It is public. It is not secret. The Gnostics have a secret religion. As you become more indoctrinated and initiated into their religion, they will let you in on more of their secrets. I understand that the Masons are a Gnostic religion, having that inner, inner core, and very similar, probably adopting some of these early Gnostic religions. I also understand that the Mormons in the Western United States and even here in Jonesville, that the Mormons, or the Church of the Latter-day Saints, largely adopted Masonic, or the Mason's religion, and that they too have a very, or it looks as if they adopted it, they too have a very secretive inner core to their religion.
Christianity is not that way. Christianity has always been dominated by preaching. It has published its word. And so it speaks openly. Anybody can read their literature. Anybody can hear their message. There is nothing like secret in that regard. Sometimes Paul might say that he speaks certain things among the wise, because some cannot handle this or that. But the core of their message, Jesus Christ crucified, risen from the dead, is public and is based on the public documents of the Jews called the Old Testament.

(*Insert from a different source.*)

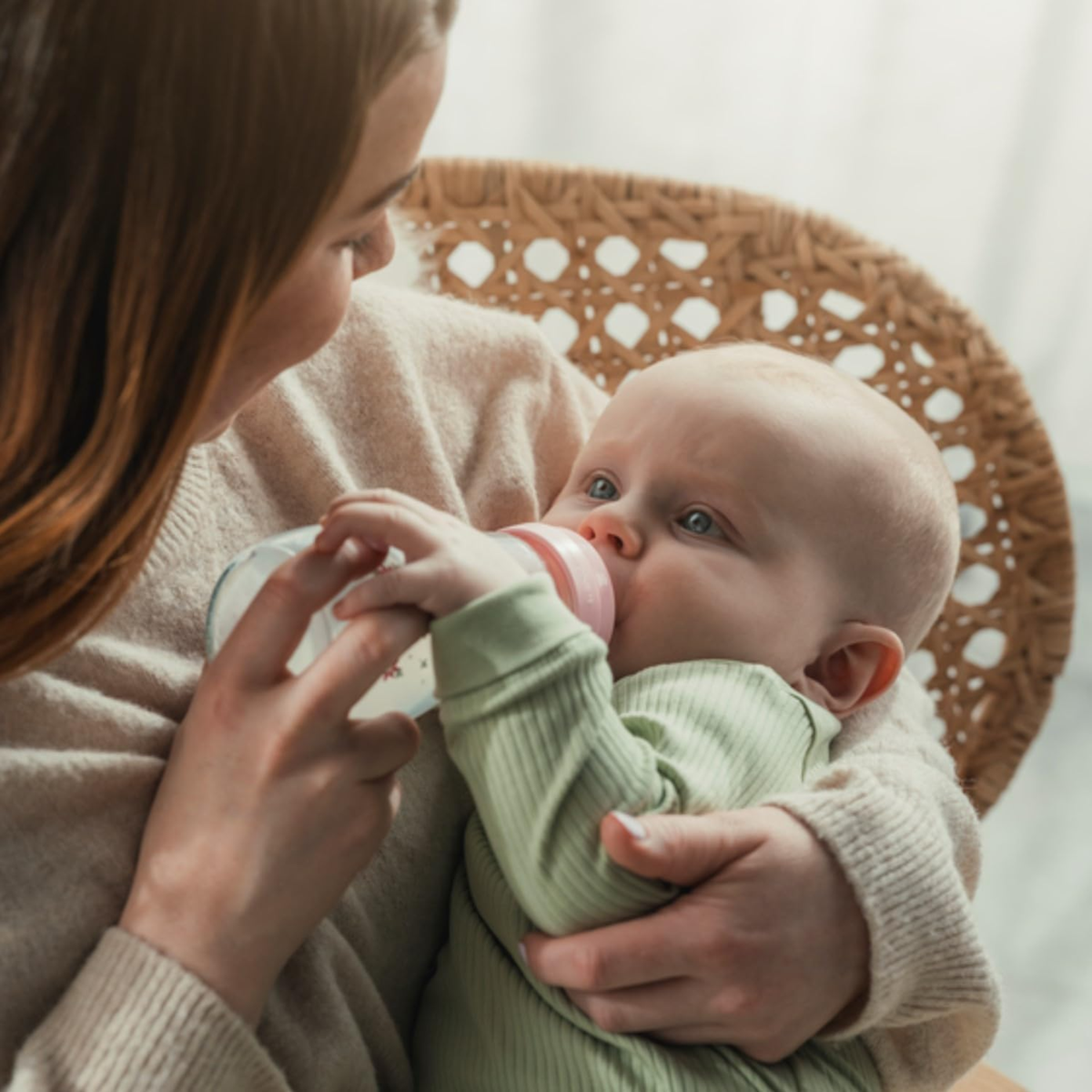 MAM Feel Good butelka szklana 260 ml 2 m+ smoczek 2 – zdjęcie produktu 4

All right, let us talk about the Bible, the canon of the Bible. Canon is actually a Greek word; it simply means a straight reed, such as those found in Egypt or a cattail, you might say. But because it is straight, it becomes something you can measure with. We get, as it were, a yardstick. We have a straight stick, and we can measure with it. And once it measures, it becomes the standard by which you reference things. So you reference the standard as you are measuring. And thus it becomes a rule. It is interesting to note that our 12-inch ruler, or, for example, in a machine shop, a metal rule, is also a means of measuring. And so the rule of faith is the canon. Therefore, the canon of the Bible, in a technical sense, is the official list of biblical books. There are 66 books in the Bible, 39 in the Old Testament and 27 in the New Testament. The canon, then, is that list. And canonization is the process by which those books were put on the list, or how they were included in that library of books, making the holy anthology of the Bible. Bible simply means book, biblion in Greek. But it is a book that is an anthology of other books. So how did that happen?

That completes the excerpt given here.